His duties brought him into relations with the court and the king's ministers. He wrote on behalf of the university all official letters to the government, and the congratulations which he addressed to Buckingham in 1619 on his elevation to the marquisate, and to Thomas Coventry on his appointment as attorney-general in 1620, prove that he easily adopted the style of a professional courtier. He frequently attended James I as the university's representative at Newmarket or Rovston,and he sent an effusively loyal letter of thanks to the king (20 May 1620) in acknowledgment of the gift to the university of a copy of the Basilikon Doron. The flattery delighted the king.[7]

Courtier[]

George Herbert

Herbert by Robert White (1645-1703), 1674. Courtesy Wikimedia Commons.

Herbert thenceforth was constantly at court, and received marks of favor from Lodowick, duke of Lennox, and James, marquis of Hamilton.[7] He made the personal acquaintance of Bacon, the lord chancellor. As orator he had thanked Bacon for a gift to the university of his Instauratio (4 Nov. 1620), and had written complimentary Latin verses on it in his private capacity. Bacon dedicated to Herbert his "translation of certaine psalms" (1625), "in recognition of the pains that it pleased you to take about some of my writings."[9]

In 1623 Herbert delivered an oration at Cambridge congratulating Prince Charles on his return from Spain, and he expressed regret, in the interests of peace, that the Spanish match had been abandoned. Herbert at the time undoubtedly hoped to follow the example of Sir Robert Naunton and Sir Francis Nethersole, his predecessors in the office of orator, and obtain high preferment in the service of the state. But the death, in 1625, of the king and of 2 of his chief patrons, and his suspicions of the wisdom of Buckingham's policy, led him to reconsider his position.[9]

Church career[]

Herbert's own early inclinations were towards the church, and his mother had often urged him to take holy orders. To resolve his doubts whether to pursue "the painted pleasures of a court life, or betake himself to a study of divinity," he withdrew to a friend's house in Kent, and studied with such energy as to injure his health.[9]

While still undecided, Herbert was presented to the prebend of Laygon Ecclesia by John Williams, bishop of Lincoln, presented him to the prebend of Layton Ecclesia. To the prebend was attached an estate at Leighton Bromswold, Huntingdonshire, on which stood a dilapidated church. Herbert was not ordained, and was thus unable to perform the duties connected with the benefice; but the presentation called into new life the religious ardor of his youth.[9]

2 miles from Leighton was Little Gidding, the home of Nicholas Ferrar, with whom Herbert had some slight acquaintance while both were students at Cambridge. Herbert offered to transfer the prebend to Ferrar; but Ferrar declined the offer, and urged Herbert to set to work to restore the ruined church (Ferrar, Life of Nicholas Ferrar, ed. Mayor, 49-50). Herbert eagerly followed Ferrar's advice. £2,000 were needed. His own resources were unequal to that demand, but with the help of friends he carried the work through.[9]

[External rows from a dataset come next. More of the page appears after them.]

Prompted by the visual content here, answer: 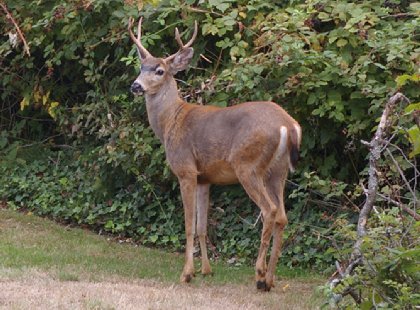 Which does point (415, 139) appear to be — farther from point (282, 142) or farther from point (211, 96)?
point (211, 96)

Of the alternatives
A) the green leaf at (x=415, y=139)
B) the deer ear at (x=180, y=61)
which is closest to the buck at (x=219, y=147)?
the deer ear at (x=180, y=61)

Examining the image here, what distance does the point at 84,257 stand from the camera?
9820 mm

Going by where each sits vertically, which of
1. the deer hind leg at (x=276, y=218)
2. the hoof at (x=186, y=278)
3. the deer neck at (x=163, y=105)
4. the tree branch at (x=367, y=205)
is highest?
the tree branch at (x=367, y=205)

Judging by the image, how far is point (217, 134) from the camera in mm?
8898

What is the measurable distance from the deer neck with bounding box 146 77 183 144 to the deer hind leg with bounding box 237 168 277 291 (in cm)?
132

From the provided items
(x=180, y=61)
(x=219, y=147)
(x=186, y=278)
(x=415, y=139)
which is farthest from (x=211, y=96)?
(x=415, y=139)

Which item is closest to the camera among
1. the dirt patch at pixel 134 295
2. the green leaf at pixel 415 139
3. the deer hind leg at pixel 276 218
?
the green leaf at pixel 415 139

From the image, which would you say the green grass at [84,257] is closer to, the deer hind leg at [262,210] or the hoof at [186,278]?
the hoof at [186,278]

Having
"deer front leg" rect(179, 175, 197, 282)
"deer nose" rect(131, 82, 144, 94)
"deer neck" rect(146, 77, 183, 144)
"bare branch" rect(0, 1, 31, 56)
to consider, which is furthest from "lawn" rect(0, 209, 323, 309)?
"bare branch" rect(0, 1, 31, 56)

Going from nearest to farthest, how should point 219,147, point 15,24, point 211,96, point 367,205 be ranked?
point 367,205
point 219,147
point 211,96
point 15,24

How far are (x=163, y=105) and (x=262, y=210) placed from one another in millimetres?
1711

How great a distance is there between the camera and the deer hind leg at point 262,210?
846 cm

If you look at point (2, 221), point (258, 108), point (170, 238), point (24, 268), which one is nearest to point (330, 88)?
point (258, 108)

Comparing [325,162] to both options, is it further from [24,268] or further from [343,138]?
[24,268] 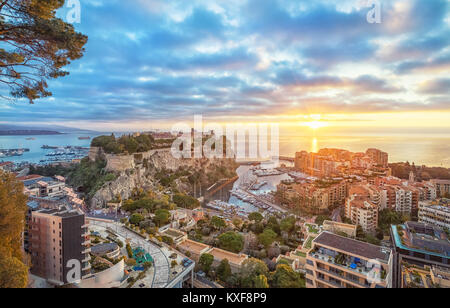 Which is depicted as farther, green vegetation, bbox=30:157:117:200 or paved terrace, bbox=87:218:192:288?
green vegetation, bbox=30:157:117:200

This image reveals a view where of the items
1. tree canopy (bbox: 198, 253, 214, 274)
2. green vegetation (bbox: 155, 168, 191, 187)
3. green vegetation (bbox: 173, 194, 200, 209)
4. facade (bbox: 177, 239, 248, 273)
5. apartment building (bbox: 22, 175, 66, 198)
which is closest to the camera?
tree canopy (bbox: 198, 253, 214, 274)

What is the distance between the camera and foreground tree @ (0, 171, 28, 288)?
83.0 inches

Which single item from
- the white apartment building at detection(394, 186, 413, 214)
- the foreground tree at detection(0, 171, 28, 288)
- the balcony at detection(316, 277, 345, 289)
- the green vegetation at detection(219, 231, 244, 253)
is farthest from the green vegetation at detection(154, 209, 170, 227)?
the white apartment building at detection(394, 186, 413, 214)

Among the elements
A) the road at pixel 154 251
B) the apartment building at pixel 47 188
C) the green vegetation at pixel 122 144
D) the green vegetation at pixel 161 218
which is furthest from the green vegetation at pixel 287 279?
the green vegetation at pixel 122 144

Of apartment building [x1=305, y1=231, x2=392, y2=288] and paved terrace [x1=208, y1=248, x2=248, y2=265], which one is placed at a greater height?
apartment building [x1=305, y1=231, x2=392, y2=288]

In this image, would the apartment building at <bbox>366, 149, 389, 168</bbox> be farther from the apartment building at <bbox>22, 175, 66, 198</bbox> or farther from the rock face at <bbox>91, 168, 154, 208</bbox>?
the apartment building at <bbox>22, 175, 66, 198</bbox>

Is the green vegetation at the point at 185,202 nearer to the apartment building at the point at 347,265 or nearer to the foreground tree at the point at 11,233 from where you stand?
the apartment building at the point at 347,265

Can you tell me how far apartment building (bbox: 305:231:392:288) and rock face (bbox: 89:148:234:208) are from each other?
869 cm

With Ferrar, who gave money as well as advice, Herbert corresponded from then on in terms of great intimacy. They styled each other "most entire" friends and brothers, but they seem only to have met once in later years. Herbert's final absorption in a religious life was doubtless largely due to Ferrar's guidance.[9]

Donne, the friend of Herbert's mother, proved also a sympathetic friend, especially at the time of Lady Danvers's death in 1627. To Herbert, Donne gave 1 of his well-known seals, bearing on it a crucifix shaped like an anchor.[9]

Owing partly to ill-health, and partly to his attendance at court, Herbert had already delegated his duties as orator at Cambridge to a deputy, Herbert Thorndike, and at the close of 1627 he resigned the post altogether.[9]

Threatened with tuberculosis, he spent the year 1628 at the house of his brother, Sir Henry Herbert, at Woodford, Essex, and early in 1629 visited the Earl of Danby, brother of his stepfather, at Dauntsey, Wiltshire. There he met, and fell in love with, a relative of his host, Jane Danvers, whose father, Charles Danvers of Baynton, Wiltshire, lately dead, had formed a high opinion of Herbert's character, and openly told him that he wished him to marry a daughter of his. The marriage took place at Edington on 5 March 1628-9.[9]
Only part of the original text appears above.